* _Assignment_
Output all of the entries exactly as written.

═════ Records for this exercise

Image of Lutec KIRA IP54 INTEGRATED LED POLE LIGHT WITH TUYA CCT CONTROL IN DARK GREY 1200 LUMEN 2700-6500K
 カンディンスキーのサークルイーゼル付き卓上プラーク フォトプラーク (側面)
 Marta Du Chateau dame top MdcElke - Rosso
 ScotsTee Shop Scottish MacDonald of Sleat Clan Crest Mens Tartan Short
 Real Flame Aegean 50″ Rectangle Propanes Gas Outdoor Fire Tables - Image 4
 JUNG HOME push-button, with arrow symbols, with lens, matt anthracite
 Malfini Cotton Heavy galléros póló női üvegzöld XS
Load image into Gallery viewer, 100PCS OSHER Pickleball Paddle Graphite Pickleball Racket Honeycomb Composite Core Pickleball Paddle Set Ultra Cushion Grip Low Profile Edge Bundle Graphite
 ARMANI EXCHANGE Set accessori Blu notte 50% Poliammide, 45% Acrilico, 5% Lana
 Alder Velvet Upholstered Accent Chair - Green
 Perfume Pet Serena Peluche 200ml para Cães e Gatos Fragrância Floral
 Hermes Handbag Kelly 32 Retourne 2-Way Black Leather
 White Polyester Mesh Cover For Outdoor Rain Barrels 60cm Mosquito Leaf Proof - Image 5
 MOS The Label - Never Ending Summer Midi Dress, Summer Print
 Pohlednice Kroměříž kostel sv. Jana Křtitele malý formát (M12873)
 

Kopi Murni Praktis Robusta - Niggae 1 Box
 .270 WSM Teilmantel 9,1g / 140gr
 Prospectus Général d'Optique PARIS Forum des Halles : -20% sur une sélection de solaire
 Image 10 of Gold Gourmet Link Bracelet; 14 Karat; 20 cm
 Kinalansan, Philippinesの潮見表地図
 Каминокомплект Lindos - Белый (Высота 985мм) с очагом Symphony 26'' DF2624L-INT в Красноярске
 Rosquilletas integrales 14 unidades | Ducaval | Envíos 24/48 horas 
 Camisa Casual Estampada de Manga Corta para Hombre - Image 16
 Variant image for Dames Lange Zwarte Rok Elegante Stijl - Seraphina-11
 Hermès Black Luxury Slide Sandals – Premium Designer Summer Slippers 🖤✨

══════════

* _Solved exercise_
Image of Lutec KIRA IP54 INTEGRATED LED POLE LIGHT WITH TUYA CCT CONTROL IN DARK GREY 1200 LUMEN 2700-6500K
 カンディンスキーのサークルイーゼル付き卓上プラーク フォトプラーク (側面)
 Marta Du Chateau dame top MdcElke - Rosso
 ScotsTee Shop Scottish MacDonald of Sleat Clan Crest Mens Tartan Short
 Real Flame Aegean 50″ Rectangle Propanes Gas Outdoor Fire Tables - Image 4
 JUNG HOME push-button, with arrow symbols, with lens, matt anthracite
 Malfini Cotton Heavy galléros póló női üvegzöld XS
Load image into Gallery viewer, 100PCS OSHER Pickleball Paddle Graphite Pickleball Racket Honeycomb Composite Core Pickleball Paddle Set Ultra Cushion Grip Low Profile Edge Bundle Graphite
 ARMANI EXCHANGE Set accessori Blu notte 50% Poliammide, 45% Acrilico, 5% Lana
 Alder Velvet Upholstered Accent Chair - Green
 Perfume Pet Serena Peluche 200ml para Cães e Gatos Fragrância Floral
 Hermes Handbag Kelly 32 Retourne 2-Way Black Leather
 White Polyester Mesh Cover For Outdoor Rain Barrels 60cm Mosquito Leaf Proof - Image 5
 MOS The Label - Never Ending Summer Midi Dress, Summer Print
 Pohlednice Kroměříž kostel sv. Jana Křtitele malý formát (M12873)
 

Kopi Murni Praktis Robusta - Niggae 1 Box
 .270 WSM Teilmantel 9,1g / 140gr
 Prospectus Général d'Optique PARIS Forum des Halles : -20% sur une sélection de solaire
 Image 10 of Gold Gourmet Link Bracelet; 14 Karat; 20 cm
 Kinalansan, Philippinesの潮見表地図
 Каминокомплект Lindos - Белый (Высота 985мм) с очагом Symphony 26'' DF2624L-INT в Красноярске
 Rosquilletas integrales 14 unidades | Ducaval | Envíos 24/48 horas 
 Camisa Casual Estampada de Manga Corta para Hombre - Image 16
 Variant image for Dames Lange Zwarte Rok Elegante Stijl - Seraphina-11
 Hermès Black Luxury Slide Sandals – Premium Designer Summer Slippers 🖤✨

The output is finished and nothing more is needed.